А как вел себя посреди этого переполоха телеграфный кабель? Он, пишет Андерсен, «лежал неподвижно, и в нем шла жизнь, гудели мысли…».
«Он, — повторяет через несколько строк, — не шевелился, он думал…»
«Может статься, — догадывается, наконец, самая маленькая обитательница океана, милая смышленая рыбка, — что это — самая удивительная рыба в нашем море».
«Да, — соглашается Андерсен, — самая удивительная. Более того — „чудо из чудес“. Потому что она „гудит мыслями человечества, говорит на всех языках мира“».
Сегодня мы понимаем, что самая маленькая рыбка — несравненно большее чудо, чем самый большой телеграфный кабель. Нам известно, что бионика — наука, исследующая поведение живых существ, заключает в себе куда больше тайн, чем устройство самых хитроумных рукотворных вещей.

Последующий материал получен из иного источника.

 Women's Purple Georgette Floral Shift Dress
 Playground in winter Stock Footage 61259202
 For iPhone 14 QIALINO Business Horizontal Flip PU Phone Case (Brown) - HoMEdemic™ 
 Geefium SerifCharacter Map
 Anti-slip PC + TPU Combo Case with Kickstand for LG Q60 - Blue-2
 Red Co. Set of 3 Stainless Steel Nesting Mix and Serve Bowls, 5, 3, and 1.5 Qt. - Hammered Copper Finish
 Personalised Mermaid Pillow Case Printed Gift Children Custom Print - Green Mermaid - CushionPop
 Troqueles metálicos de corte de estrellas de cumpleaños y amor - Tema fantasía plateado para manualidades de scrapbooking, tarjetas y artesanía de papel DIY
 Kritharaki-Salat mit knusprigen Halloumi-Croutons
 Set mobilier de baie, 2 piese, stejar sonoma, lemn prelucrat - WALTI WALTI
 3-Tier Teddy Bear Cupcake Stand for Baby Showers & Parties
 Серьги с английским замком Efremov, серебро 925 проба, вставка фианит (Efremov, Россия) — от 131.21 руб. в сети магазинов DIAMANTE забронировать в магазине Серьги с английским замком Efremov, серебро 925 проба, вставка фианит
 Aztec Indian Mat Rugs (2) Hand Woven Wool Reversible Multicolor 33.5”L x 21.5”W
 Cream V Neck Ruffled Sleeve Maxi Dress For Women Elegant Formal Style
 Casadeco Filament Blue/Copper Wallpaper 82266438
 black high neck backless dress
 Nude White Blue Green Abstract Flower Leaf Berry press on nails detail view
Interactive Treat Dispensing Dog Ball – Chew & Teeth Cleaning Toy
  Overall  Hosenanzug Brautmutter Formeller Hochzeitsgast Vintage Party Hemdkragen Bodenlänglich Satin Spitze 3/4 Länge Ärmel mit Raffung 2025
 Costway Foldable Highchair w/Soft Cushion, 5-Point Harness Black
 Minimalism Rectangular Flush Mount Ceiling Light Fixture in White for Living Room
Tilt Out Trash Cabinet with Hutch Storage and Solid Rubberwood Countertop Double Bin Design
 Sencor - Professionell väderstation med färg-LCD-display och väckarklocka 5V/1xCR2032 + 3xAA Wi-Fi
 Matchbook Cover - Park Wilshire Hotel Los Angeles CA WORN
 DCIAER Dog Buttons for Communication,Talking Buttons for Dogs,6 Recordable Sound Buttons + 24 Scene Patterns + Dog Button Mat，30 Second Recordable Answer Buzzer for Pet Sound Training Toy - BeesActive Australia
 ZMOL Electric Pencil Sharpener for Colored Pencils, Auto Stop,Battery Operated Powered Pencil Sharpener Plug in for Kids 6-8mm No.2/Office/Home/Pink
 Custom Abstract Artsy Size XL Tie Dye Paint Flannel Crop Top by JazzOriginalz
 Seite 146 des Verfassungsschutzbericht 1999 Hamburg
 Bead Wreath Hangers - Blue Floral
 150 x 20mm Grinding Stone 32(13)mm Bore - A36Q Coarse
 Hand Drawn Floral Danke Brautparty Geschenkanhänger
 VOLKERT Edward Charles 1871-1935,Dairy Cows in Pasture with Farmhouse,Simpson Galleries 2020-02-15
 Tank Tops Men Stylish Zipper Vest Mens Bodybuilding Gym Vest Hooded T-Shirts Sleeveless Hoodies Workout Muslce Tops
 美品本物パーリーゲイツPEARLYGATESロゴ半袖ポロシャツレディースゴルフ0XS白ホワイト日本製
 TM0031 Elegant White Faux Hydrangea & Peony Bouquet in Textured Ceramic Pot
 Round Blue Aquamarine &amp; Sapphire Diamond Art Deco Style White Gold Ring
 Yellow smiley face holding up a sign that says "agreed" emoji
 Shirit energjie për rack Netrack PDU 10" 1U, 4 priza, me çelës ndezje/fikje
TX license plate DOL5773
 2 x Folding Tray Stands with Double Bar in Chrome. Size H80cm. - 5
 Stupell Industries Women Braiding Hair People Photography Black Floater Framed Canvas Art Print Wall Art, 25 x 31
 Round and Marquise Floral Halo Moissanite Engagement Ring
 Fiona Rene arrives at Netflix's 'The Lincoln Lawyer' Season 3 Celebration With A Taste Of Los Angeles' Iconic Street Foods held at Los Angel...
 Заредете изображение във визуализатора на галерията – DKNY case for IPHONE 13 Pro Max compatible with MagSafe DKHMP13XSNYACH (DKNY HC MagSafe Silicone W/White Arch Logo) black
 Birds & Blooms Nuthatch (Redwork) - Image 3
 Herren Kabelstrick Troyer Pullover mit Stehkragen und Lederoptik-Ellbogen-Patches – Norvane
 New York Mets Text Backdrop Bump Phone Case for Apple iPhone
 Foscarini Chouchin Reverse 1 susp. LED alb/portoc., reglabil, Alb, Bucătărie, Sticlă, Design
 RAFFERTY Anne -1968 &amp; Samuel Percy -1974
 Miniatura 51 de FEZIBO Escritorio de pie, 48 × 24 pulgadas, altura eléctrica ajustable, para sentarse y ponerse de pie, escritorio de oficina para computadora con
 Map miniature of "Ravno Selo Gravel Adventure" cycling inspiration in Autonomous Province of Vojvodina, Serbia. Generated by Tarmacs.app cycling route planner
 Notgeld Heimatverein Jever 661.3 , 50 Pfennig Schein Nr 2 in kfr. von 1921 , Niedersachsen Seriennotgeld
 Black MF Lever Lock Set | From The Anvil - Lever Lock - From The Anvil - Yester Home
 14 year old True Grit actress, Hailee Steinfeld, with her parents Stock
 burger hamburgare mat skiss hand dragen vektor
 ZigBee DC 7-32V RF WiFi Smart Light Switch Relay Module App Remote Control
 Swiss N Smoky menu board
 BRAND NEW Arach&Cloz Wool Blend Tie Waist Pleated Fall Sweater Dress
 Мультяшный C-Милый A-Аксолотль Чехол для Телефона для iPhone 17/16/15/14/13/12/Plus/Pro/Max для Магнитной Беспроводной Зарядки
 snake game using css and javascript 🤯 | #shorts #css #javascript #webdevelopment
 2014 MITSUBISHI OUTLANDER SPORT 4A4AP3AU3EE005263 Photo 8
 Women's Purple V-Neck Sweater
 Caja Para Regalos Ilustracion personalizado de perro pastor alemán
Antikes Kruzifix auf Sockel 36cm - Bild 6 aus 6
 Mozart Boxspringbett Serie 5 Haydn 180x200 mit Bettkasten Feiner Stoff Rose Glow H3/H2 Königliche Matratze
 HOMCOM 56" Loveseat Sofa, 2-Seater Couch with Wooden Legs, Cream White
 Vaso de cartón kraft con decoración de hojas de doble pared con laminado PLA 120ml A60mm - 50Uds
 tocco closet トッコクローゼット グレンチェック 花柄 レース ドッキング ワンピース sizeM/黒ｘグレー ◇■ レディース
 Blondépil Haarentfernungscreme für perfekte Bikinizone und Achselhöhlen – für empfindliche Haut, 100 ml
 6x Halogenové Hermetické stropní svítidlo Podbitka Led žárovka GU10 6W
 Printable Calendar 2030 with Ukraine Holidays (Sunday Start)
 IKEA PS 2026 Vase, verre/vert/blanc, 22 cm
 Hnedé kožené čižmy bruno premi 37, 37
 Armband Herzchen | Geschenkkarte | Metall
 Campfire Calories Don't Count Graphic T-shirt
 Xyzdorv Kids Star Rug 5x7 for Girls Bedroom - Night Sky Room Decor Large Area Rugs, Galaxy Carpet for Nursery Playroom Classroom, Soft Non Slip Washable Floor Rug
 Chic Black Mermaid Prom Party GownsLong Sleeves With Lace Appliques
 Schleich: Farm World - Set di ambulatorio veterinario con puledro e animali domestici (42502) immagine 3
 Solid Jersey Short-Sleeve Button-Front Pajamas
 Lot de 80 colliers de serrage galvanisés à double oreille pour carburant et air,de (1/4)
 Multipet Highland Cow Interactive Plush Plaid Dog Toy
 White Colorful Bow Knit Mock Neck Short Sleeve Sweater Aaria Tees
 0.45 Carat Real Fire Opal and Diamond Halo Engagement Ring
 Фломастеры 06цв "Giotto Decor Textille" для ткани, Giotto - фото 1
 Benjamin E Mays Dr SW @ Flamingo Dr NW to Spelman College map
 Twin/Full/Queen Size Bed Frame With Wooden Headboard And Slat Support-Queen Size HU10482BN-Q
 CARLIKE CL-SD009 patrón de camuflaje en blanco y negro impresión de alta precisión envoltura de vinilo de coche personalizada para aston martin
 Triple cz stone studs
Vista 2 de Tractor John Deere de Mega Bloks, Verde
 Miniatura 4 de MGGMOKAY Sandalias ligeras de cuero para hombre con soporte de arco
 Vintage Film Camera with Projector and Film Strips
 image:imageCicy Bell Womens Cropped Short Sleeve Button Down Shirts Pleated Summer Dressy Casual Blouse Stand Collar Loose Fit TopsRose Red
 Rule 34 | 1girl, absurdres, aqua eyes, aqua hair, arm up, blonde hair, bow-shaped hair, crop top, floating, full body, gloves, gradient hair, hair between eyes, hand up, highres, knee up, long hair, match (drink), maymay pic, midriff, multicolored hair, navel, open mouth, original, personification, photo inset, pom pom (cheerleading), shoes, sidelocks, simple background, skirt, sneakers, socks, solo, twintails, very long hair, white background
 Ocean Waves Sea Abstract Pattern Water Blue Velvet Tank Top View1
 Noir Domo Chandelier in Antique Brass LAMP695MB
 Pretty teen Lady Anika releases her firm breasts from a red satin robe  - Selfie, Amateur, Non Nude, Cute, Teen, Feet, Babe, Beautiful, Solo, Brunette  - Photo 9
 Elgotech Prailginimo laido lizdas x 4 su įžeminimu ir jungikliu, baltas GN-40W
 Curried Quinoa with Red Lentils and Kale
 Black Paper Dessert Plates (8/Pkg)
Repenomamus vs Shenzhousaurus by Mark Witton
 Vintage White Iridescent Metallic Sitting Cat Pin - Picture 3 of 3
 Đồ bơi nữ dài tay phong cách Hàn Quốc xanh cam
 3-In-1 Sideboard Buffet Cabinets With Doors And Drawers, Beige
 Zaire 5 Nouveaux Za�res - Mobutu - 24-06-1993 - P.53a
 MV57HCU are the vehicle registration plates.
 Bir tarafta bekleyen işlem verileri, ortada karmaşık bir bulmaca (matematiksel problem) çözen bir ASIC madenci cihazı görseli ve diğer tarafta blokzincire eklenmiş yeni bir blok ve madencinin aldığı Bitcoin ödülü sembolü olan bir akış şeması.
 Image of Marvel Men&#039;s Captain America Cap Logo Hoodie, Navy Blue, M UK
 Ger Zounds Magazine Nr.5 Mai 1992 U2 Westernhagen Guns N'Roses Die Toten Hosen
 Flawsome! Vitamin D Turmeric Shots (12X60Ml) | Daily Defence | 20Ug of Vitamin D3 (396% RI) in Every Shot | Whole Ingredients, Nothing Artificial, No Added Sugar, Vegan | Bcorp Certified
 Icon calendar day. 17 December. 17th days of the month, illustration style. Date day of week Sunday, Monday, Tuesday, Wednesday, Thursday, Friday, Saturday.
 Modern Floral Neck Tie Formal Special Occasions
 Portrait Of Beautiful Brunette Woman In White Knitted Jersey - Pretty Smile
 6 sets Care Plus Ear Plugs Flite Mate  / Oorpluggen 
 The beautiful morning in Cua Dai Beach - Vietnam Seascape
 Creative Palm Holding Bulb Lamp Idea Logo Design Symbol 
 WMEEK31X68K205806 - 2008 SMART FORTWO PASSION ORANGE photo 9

Но поостережемся думать, что мы мудрее Андерсена.
Разве мы острее, чем он, чувствуем чудо подлинной «естественной» жизни — шум леса, тишину полей, полет аистов (он особенно их любил), таяние рек? Разве мы полнее ощущаем изящество оленя, обаяние собаки, мощь льва? Разве нас более, чем его, радует отражение заката в море и игра дельфина? Восхищение первоначальными чудесами науки и техники, кажущимися сегодня, с расстояния в сто лет, допотопно-музейными, вовсе не умеряло в Андерсене восхищения чудесами подлинной жизни. Да он и не делил мир на подлинный и неподлинный, на естественный и искусственный! Он воспринимал действительность в великом единстве, не отделяя удивительных рукотворных вещей, созданных человеком, от удивительных подробностей вечно живой жизни. Видимо, он был мудрее нас, и нам стоит у него учиться этому единству восприятия космического корабля и полнозвездного неба, телевизионных башен и березовых, увы, редеющих рощ.